Cato v. Atlanta & C. A. L. Ry. Co.

Decision Date15 March 1930
Docket Number12858.
PartiesCATO v. ATLANTA & C. AIR LINE RY. CO. et al.
CourtSouth Carolina Supreme Court

Appeal from Common Pleas Circuit Court of Spartanburg County; P. D Barron, Special Judge.

Action by Mrs. Verna Cato, administratrix of the estate of O. C Cato, deceased, against the Atlanta & Charlotte Air Line Railway Company and another. Judgment for plaintiff, and defendants appeal.

Reversed and remanded for a new trial.

De Pass & Wrightson, of Spartanburg, and Frank G. Tompkins, of Columbia, for appellants.

Evans & Galbraith and Nicholls, Wyche & Byrnes, all of Spartanburg for respondent.

BLEASE J.

This action arose on account of the death of O. C. Cato, the respondent's intestate, who was killed on November 6 1926, as the respondent alleged, by the negligence of the appellants, railroad companies.

The complaint, as originally brought, contained only one cause of action, and recovery of damage was sought under the laws of this state.
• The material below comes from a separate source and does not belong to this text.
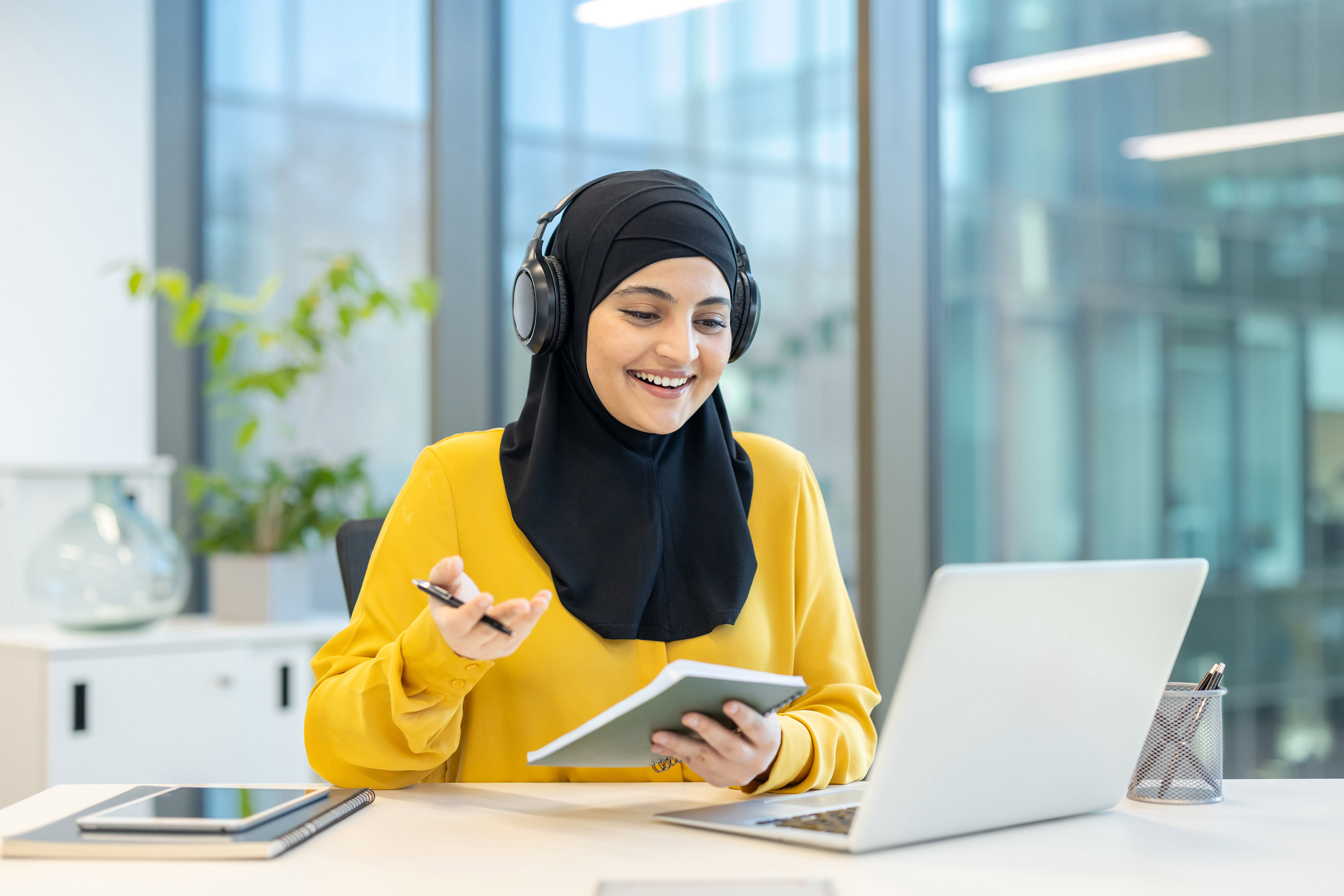 © Liubomir | stock.adobe.com | A smiling woman in a hijab, wearing headphones, attends a virtual meeting using a laptop in an office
To that complaint, the appellants, in their answer, alleged that at the time of the injuries sustained by Cato, which resulted in his death, he and the appellants were engaged in interstate commerce, and the appellants claimed the benefit of the provisions of the Act of Congress known as Federal Employers' Liability Act (45 USCA § § 51-59). By leave of the court, and with the consent of the appellants, the respondent served an amended complaint setting up a second cause of action under the Federal Employers' Liability Act.

The intestate was in the employ of the appellants as a car repairer in the Hayne Yards near Spartanburg. On the day intestate was injured and killed, the general foreman, Watson, ordered Davis, the working partner of Cato, to get the latter, go by the blacksmith shop, get a carry arm, and to repair a certain baggage car then on track No. 10 in the yards. It was necessary for Cato, in repairing the car, to go underneath the same for the purpose of placing a bolt, or some other appliance, while the other men working with him lifted the drawhead on the end of the car. While so engaged, a locomotive, or shifting engine, of the appellants entered the track where the baggage car was standing, and this locomotive coupled to and pushed a cut of 52 cars, to which the baggage car was attached, it being the end car, over Cato and caused his death a few hours later. At the time of the accident, there was no signal indicating that workmen were under the car.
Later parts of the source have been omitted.